- Records supplied:
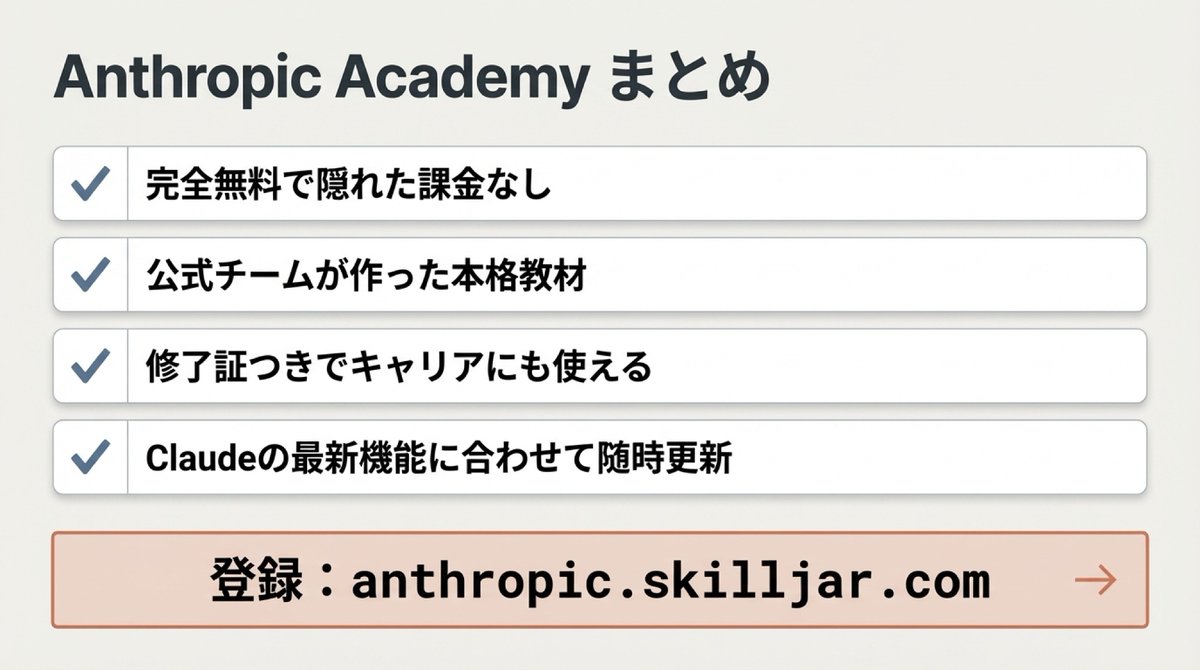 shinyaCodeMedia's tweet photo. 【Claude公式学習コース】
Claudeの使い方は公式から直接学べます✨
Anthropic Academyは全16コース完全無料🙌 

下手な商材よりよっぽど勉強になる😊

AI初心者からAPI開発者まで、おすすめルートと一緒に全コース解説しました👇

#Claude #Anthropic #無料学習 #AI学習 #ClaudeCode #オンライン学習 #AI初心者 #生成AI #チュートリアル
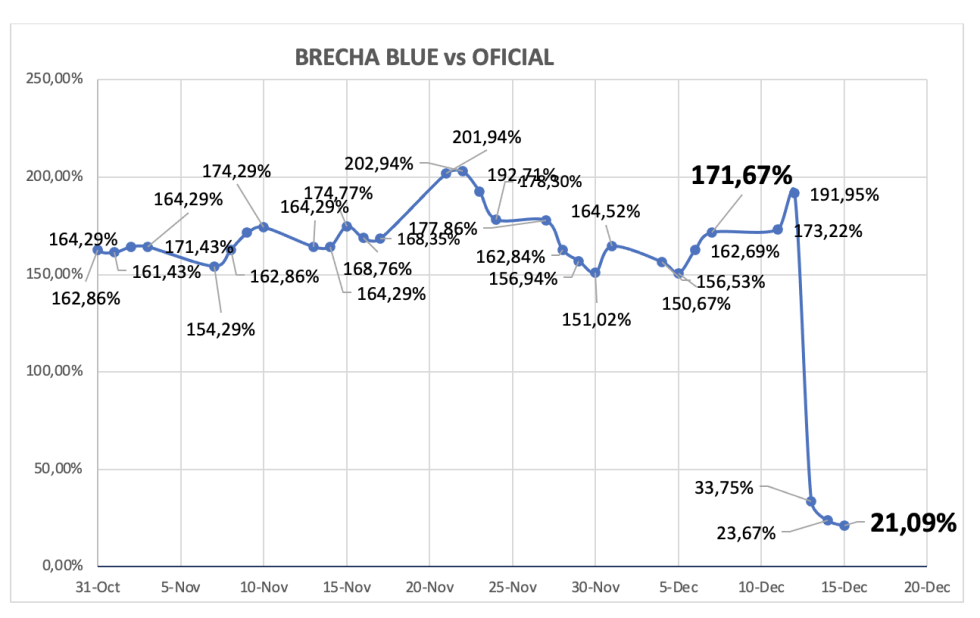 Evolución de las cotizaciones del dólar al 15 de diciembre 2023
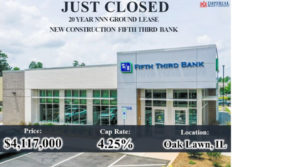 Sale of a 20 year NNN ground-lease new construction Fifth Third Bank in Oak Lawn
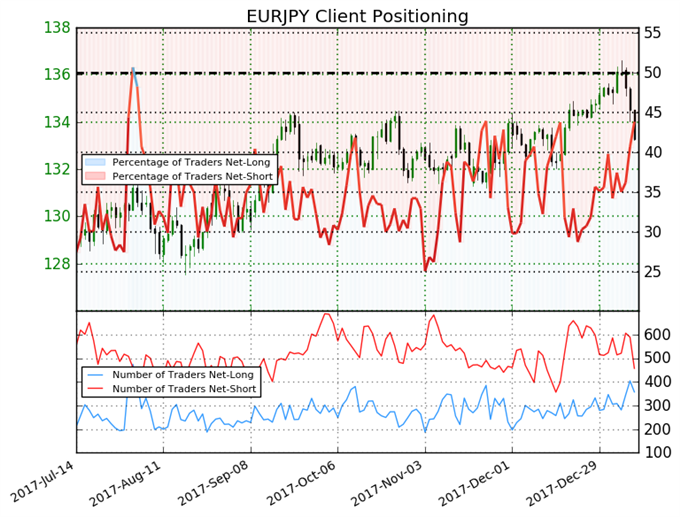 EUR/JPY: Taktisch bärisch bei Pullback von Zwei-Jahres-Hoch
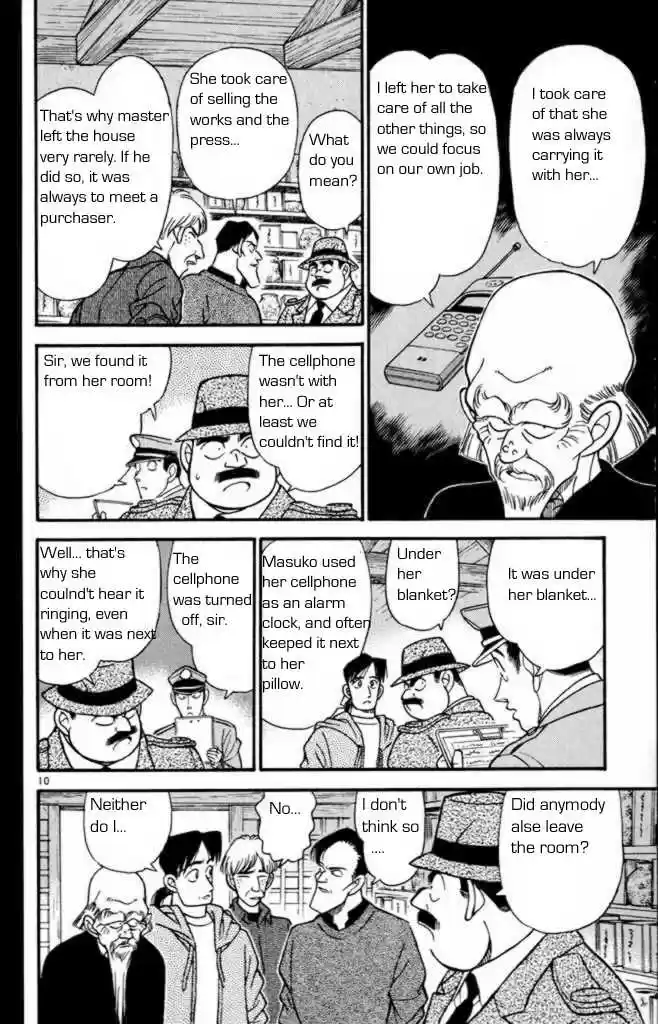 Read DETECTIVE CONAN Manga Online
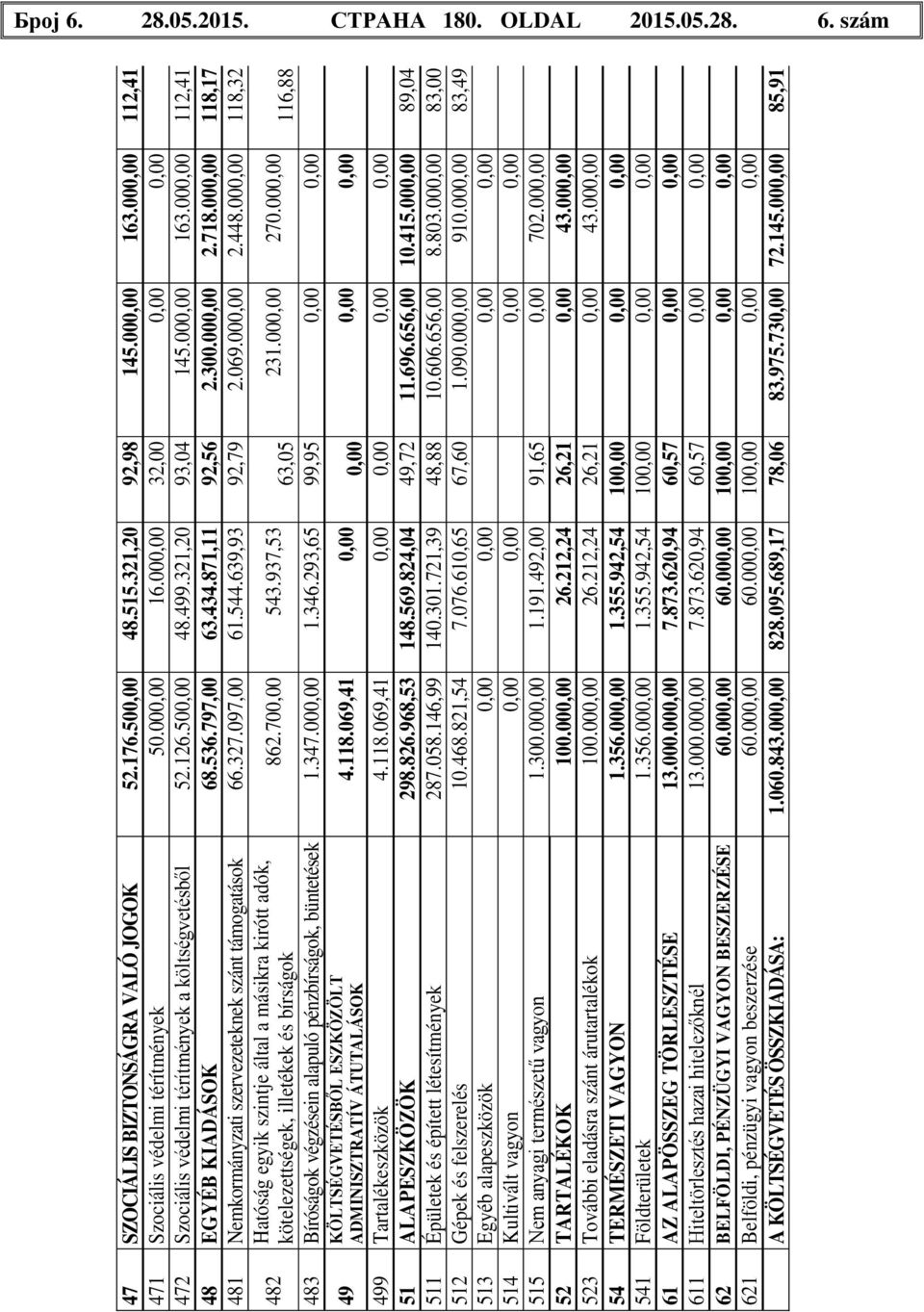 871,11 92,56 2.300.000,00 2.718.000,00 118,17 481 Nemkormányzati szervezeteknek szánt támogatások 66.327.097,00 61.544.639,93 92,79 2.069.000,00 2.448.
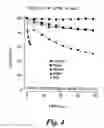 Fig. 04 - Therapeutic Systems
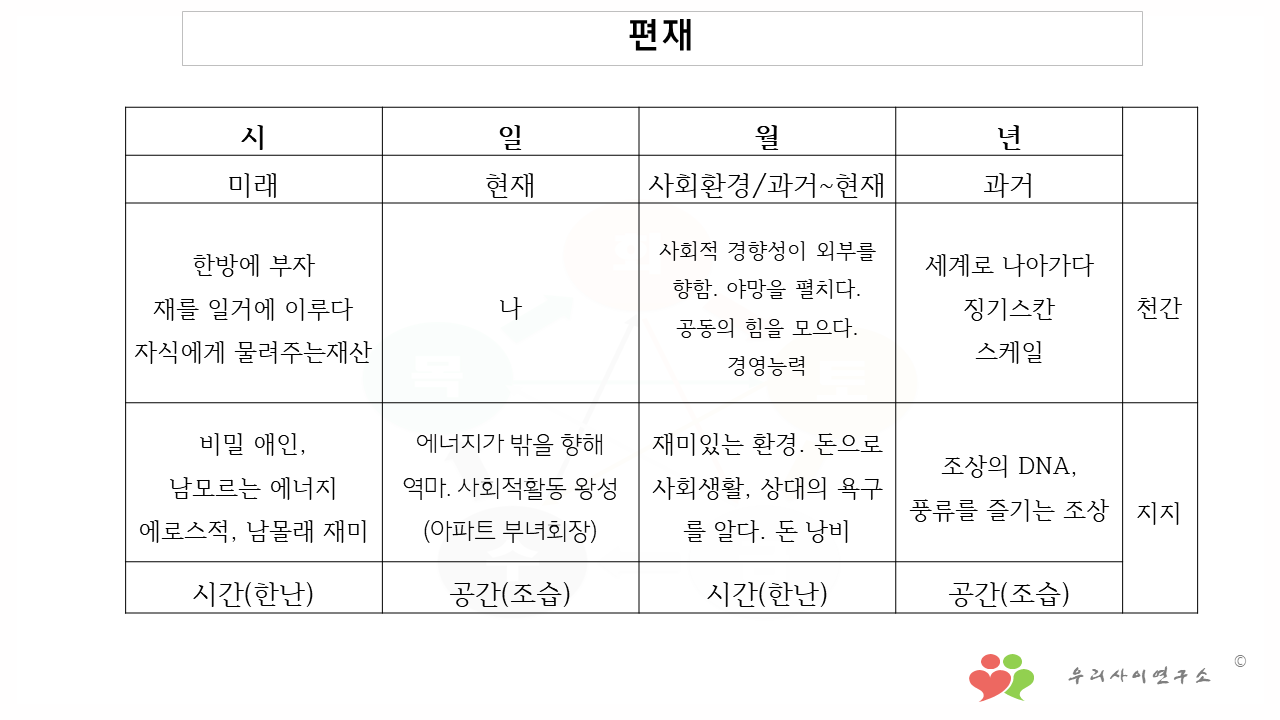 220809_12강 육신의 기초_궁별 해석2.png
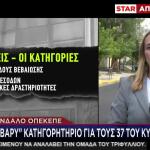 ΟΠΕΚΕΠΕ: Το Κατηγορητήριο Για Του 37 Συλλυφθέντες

- Task instructions: Starting at the line that contains "871,11 92,56 2.300.000,00", reproduce every line through the last one in the records exactly, and omit all pictures.

- Task solution:
 871,11 92,56 2.300.000,00 2.718.000,00 118,17 481 Nemkormányzati szervezeteknek szánt támogatások 66.327.097,00 61.544.639,93 92,79 2.069.000,00 2.448.
 Fig. 04 - Therapeutic Systems
 220809_12강 육신의 기초_궁별 해석2.png
 ΟΠΕΚΕΠΕ: Το Κατηγορητήριο Για Του 37 Συλλυφθέντες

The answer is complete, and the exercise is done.